Australia
Entonces era tarde y la plaza ya
estaba repleta. La gente caminaba por la feria, evaluaba precios y calidad,
originalidad y novedad. Los jóvenes: algunos se besaban, otros reían, otros
sencillamente callaban y jugaban con yuyos, flores o piedras. Por mi parte,
miraba una palmera. Era enorme con sus hojas de penacho, creo que se le dice
palmera australiana. Pero podía ser de otra familia u origen. Qué interesante,
cada vez que soplaba el viento, ella se abría a la intemperie. Porque ella
estaba en medio de seres de todas las
edades, que la circundaban o no, según sus antojos.

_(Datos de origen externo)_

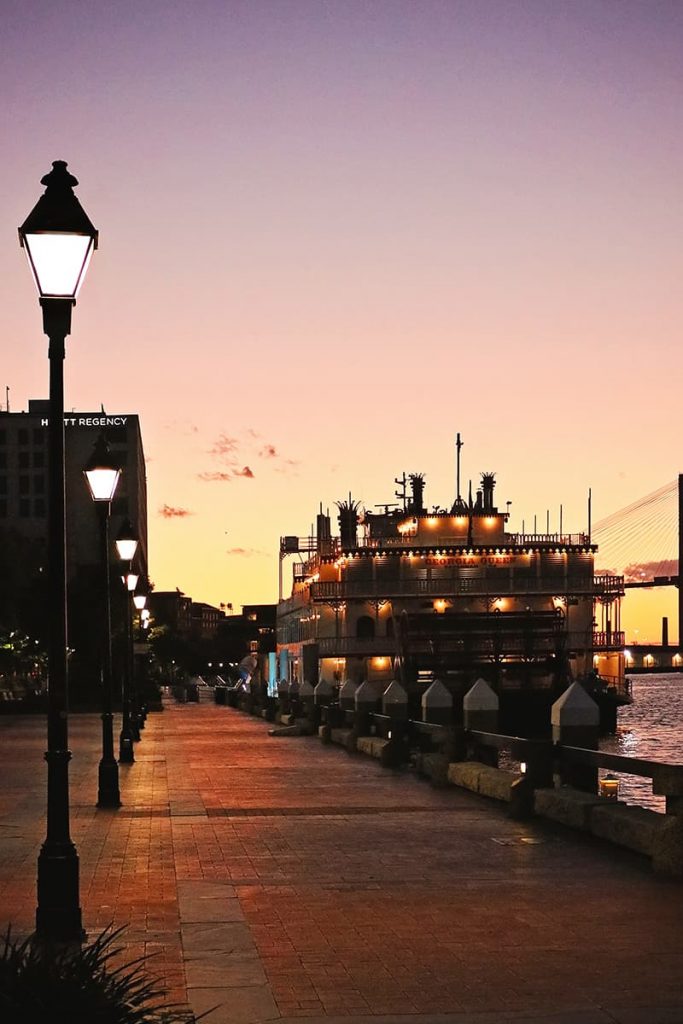 A line of gas lanterns leads the eye down Savannah's River Street towards the Georgia Queen steamboat and a purple, pink, and yellow sunset in the distance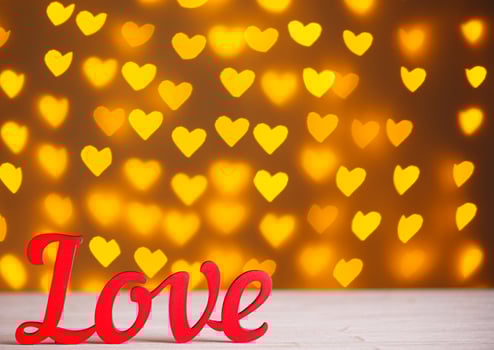 the inscription Love on a wooden background with beautiful hearts made of lights on a blurred background photo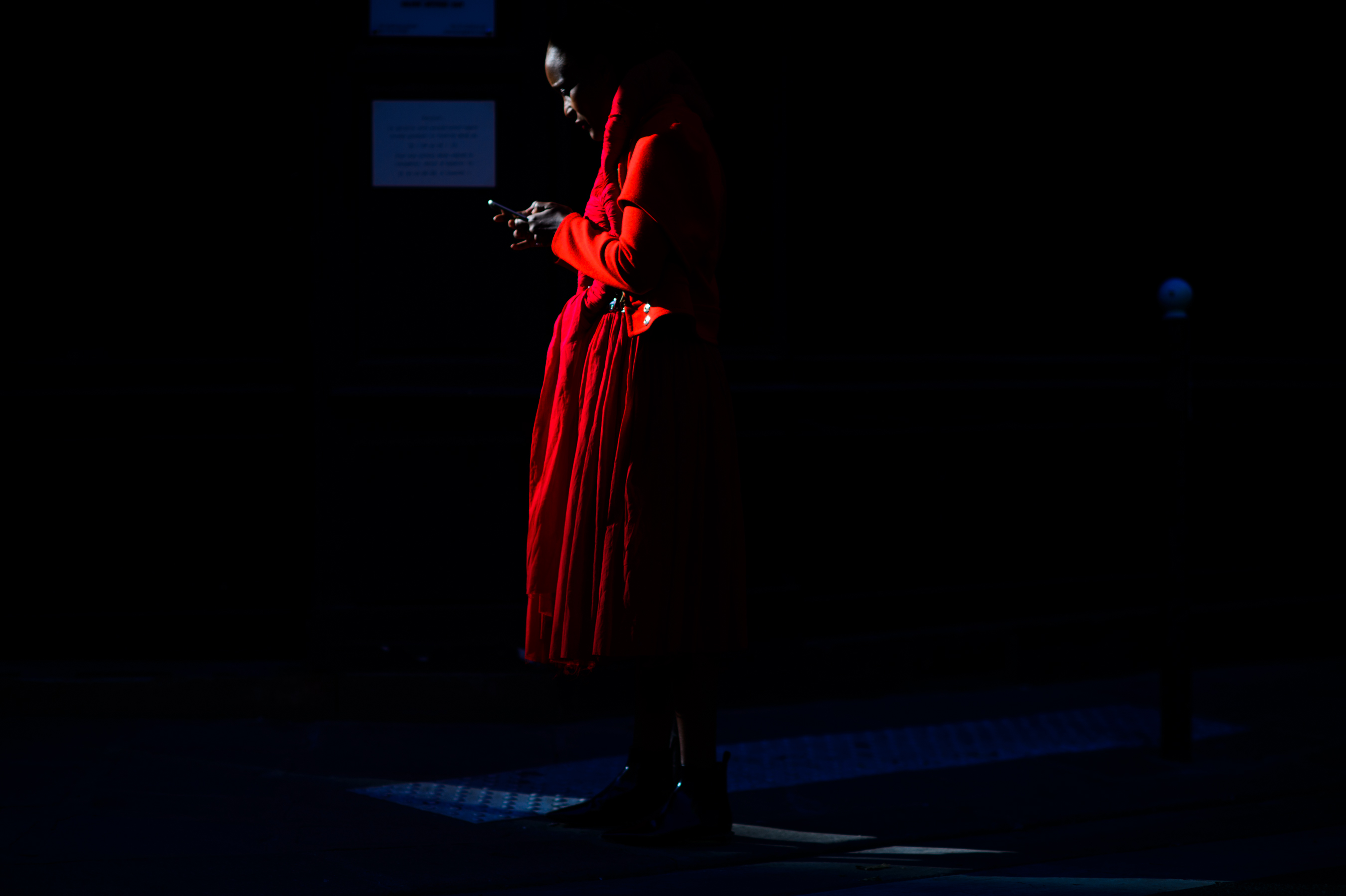 Woman in low light wearing red outfit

Muchos descansaban bajo su
manto para refugiarse del sol, para escapar al calor del atardecer. Desde el
banco verde, yo la miraba. Ella se abría de una manera especial, cuando no
había viento, apenas una brisa. Era diferente al resto de las de su familia,
una cuestión puramente formal, categoría humana. Tuve una ensoñación al
mirarla: ella movía sus fuertes raíces apenas visibles y parecía desplazarse
como si hubiera flotado sobre el mar. Luego verifiqué: ella hablaba cuando el
viento paraba, farfullaba alguna verdad tan cierta que yo la olvidaba. Y me di
cuenta por qué la olvidaba: el viento soplaba y entonces ella callaba,
desplegaba sus hojas de manera tan hermosa que uno lo olvidaba por completo,
era maravilloso.
Lo que no quedaba claro era si ella
lograba comunicarse con los pájaros. Ellos apenas se le acercaban, como quien
se acerca a una mal parada. En cambio, a mí me parecía que si hubiera sido
pájaro no hubiese negado el desafío de hacer equilibrio a su alrededor para
sentirla mejor, en el vuelo. Pero acá, desde la tierra, desde el asfalto y
desde el metal de este banco verde todo parecía estar lejano, aunque
terriblemente apetitoso.
Y hoy, acá, desde este banco, cuento
esta historia, la que la Palmera Real de Australia me cuenta,
aunque la olvido y reescribo lo que creo haber entendido.